Single by DJ Khaled featuring T-Pain, Trick Daddy, Rick Ross and Plies

from the album We the Best
- Released: August 28, 2007
- Recorded: 2006
- Length: 4:17
- Label: Terror Squad; Koch;
- Songwriters: Andrew Harr; Algernod Washington; Faheem Najm; Jermaine Jackson; Khaled Khaled; Maurice Young; William Roberts II;
- Producer: The Runners

DJ Khaled singles chronology
| "We Takin' Over" (2007) | "I'm So Hood" (2007) | "I'm So Hood (Remix)" (2007) |

T-Pain singles chronology
| "Baby Don't Go" (2007) | "I'm So Hood" (2007) | "Kiss Kiss" (2007) |

Trick Daddy singles chronology
| "Bet That" (2007) | "I'm So Hood" (2007) | "Tuck Ya Ice" (2007) |

Rick Ross singles chronology
| "We Takin' Over" (2007) | "I'm So Hood" (2007) | "Get That Bread" (2007) |

Plies singles chronology
| "Shawty" (2007) | "I'm So Hood" (2007) | "Hypnotized" (2007) |

= I'm So Hood =

2007 single by DJ Khaled featuring T-Pain, Trick Daddy, Rick Ross and Plies

"I'm So Hood" is a song by American musician DJ Khaled featuring American rappers T-Pain, Trick Daddy, Rick Ross, and Plies, released as the second single from the former's second studio album We the Best (2007). "I'm So Hood" is one of Khaled's best-known songs.

==Music video==
The video was shot in Liberty City, Miami, Florida. It features cameo appearances from Birdman, Busta Rhymes, Trina, Fat Joe, Pitbull and Triple C's.

==Remixes==

The official remix of "I'm So Hood" features hip-hop rappers Young Jeezy, Ludacris, Busta Rhymes, Big Boi, Lil Wayne, Fat Joe, Birdman and a new verse from Rick Ross. At the 2008 BET Hip Hop Awards, the official remix won the award for best collaboration.

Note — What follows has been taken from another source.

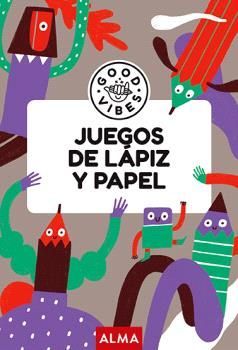 JUEGOS DE LPIZ Y PAPEL +8 AOS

An alternate remix is a rock remix featuring guitar work performed by Jamey Jasta of metal/hardcore band Hatebreed.

Cuban Link remixed the song and released it as a diss track towards Khaled, Fat Joe, and Rick Ross and it was titled "Your Not Hood". It was featured on his group Bang Bang Boogie's mixtape The Machine, Vol. 1.

ByrdGang made a remix entitled "I'm So Hood (Byrd Gang Remix)" that can be found on the Members Of Byrdgang 2 (M.O.B) mixtape.

British rapper Kano has made a freestyle to the song on his MC No. 1 mixtape.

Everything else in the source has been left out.